__Problem__. Given the entries that follow, write out exactly the lines starting at the one containing "Checkball Stuck in Plate" and ending at the one containing "COACH®,Anna Foldover Clutch", both ends included, and only those.

[Source data]
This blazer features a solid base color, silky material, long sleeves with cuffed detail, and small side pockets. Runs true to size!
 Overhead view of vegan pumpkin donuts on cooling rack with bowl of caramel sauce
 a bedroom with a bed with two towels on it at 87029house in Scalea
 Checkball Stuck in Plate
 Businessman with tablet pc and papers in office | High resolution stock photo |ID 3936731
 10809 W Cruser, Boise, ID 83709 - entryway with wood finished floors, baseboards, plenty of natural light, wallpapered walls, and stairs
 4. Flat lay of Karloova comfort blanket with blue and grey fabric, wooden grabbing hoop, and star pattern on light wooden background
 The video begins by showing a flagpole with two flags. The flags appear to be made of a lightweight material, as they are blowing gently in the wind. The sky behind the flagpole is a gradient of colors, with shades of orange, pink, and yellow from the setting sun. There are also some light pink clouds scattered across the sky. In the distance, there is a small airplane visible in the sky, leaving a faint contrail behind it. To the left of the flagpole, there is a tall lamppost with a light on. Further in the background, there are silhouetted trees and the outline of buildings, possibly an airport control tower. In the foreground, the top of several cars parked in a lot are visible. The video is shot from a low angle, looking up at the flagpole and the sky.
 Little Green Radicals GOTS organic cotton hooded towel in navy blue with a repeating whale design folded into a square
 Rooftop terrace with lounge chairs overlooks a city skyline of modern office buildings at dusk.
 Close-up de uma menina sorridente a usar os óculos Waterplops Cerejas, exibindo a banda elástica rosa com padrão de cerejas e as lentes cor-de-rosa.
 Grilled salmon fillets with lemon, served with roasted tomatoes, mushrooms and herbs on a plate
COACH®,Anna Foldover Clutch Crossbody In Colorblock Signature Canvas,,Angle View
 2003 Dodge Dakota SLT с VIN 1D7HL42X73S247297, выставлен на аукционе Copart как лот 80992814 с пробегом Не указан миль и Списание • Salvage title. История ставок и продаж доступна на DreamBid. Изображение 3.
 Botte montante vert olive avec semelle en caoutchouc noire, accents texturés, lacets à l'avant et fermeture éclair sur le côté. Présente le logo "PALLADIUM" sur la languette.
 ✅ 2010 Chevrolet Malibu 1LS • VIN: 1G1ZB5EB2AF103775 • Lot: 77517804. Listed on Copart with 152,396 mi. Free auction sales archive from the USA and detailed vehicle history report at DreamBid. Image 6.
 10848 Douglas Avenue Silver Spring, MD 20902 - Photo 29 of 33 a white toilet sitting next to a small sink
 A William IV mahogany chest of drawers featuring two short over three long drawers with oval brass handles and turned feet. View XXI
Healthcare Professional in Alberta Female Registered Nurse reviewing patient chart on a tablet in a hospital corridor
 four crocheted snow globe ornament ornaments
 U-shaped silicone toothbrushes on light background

__Exercise response__.
 Checkball Stuck in Plate
 Businessman with tablet pc and papers in office | High resolution stock photo |ID 3936731
 10809 W Cruser, Boise, ID 83709 - entryway with wood finished floors, baseboards, plenty of natural light, wallpapered walls, and stairs
 4. Flat lay of Karloova comfort blanket with blue and grey fabric, wooden grabbing hoop, and star pattern on light wooden background
 The video begins by showing a flagpole with two flags. The flags appear to be made of a lightweight material, as they are blowing gently in the wind. The sky behind the flagpole is a gradient of colors, with shades of orange, pink, and yellow from the setting sun. There are also some light pink clouds scattered across the sky. In the distance, there is a small airplane visible in the sky, leaving a faint contrail behind it. To the left of the flagpole, there is a tall lamppost with a light on. Further in the background, there are silhouetted trees and the outline of buildings, possibly an airport control tower. In the foreground, the top of several cars parked in a lot are visible. The video is shot from a low angle, looking up at the flagpole and the sky.
 Little Green Radicals GOTS organic cotton hooded towel in navy blue with a repeating whale design folded into a square
 Rooftop terrace with lounge chairs overlooks a city skyline of modern office buildings at dusk.
 Close-up de uma menina sorridente a usar os óculos Waterplops Cerejas, exibindo a banda elástica rosa com padrão de cerejas e as lentes cor-de-rosa.
 Grilled salmon fillets with lemon, served with roasted tomatoes, mushrooms and herbs on a plate
COACH®,Anna Foldover Clutch Crossbody In Colorblock Signature Canvas,,Angle View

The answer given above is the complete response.